Oxidation resistant coatings in combination with thermal barrier coatings on γ-TiAl alloys for high temperature applications

Kurzfassung

Providing attractive properties like low density, high specific stiffness, high specific yield strength and a good creep resistance up to high temperatures γ-TiAl alloys are considered for applications in automotive, aircraft, aerospace as well as in power generation industry with the potential to replace the presently used heavy steels and nickel-based superalloys. To extend the oxidation resistance granted up to 750°C of bare material protective coatings are commonly used. A novel approach is the use of thermal barrier coatings (TBCs) on γ-TiAl, typically applied to nickel-based superalloys.
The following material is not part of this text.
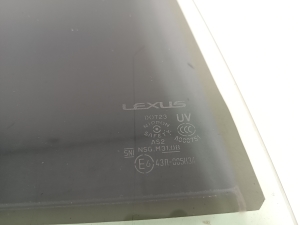  Hintere Seitentür aus Glas 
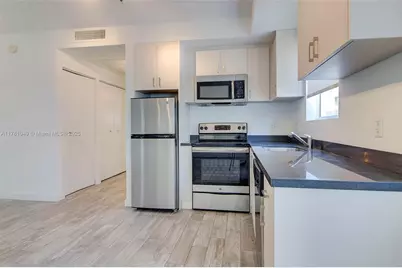 1035 Euclid Ave #18, Miami Beach, FL 33139 - Photo 1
This allows to reduce the metal surface temperatures in combination with component cooling for use in high temperature range. The paper is focussed on both development of oxidation resistant coatings as well as thermal barrier coatings for gamma titanium aluminides. Ti-Al-Cr-Y nitride and metallic overlay coatings based on Ti-Al-Cr were produced by magnetron sputtering techniques. Both coatings provide excellent oxidation protection for γ-TiAl alloys in air at 750°C. EB-PVD partially-yttria-stabilized zirconia TBCs were deposited on Ti-45Al-8Nb, either pre-oxidized or coated with various "bond coats" mentioned above. The specimens were examined under cyclic conditions at 900°C and 950°C, respectively. In comparison with pure material oxidation the nitride coating reveals poor oxidation resistance even exposed at 900°C for 420 cycles whereas the Ti-Al-Cr layer shows moderate oxidation behaviour under these terms of examination up to 1100 cycles. Furthermore the effect of several deposition temperatures, 820°C and 900°C, for TBCs in combination with oxidation resistant coatings will be examined. Discussing appeared effects due to diffusion processes post-oxidation SEM/EDX analysis in combination with oxidation behaviour and lifetime of the coating systems will be presented.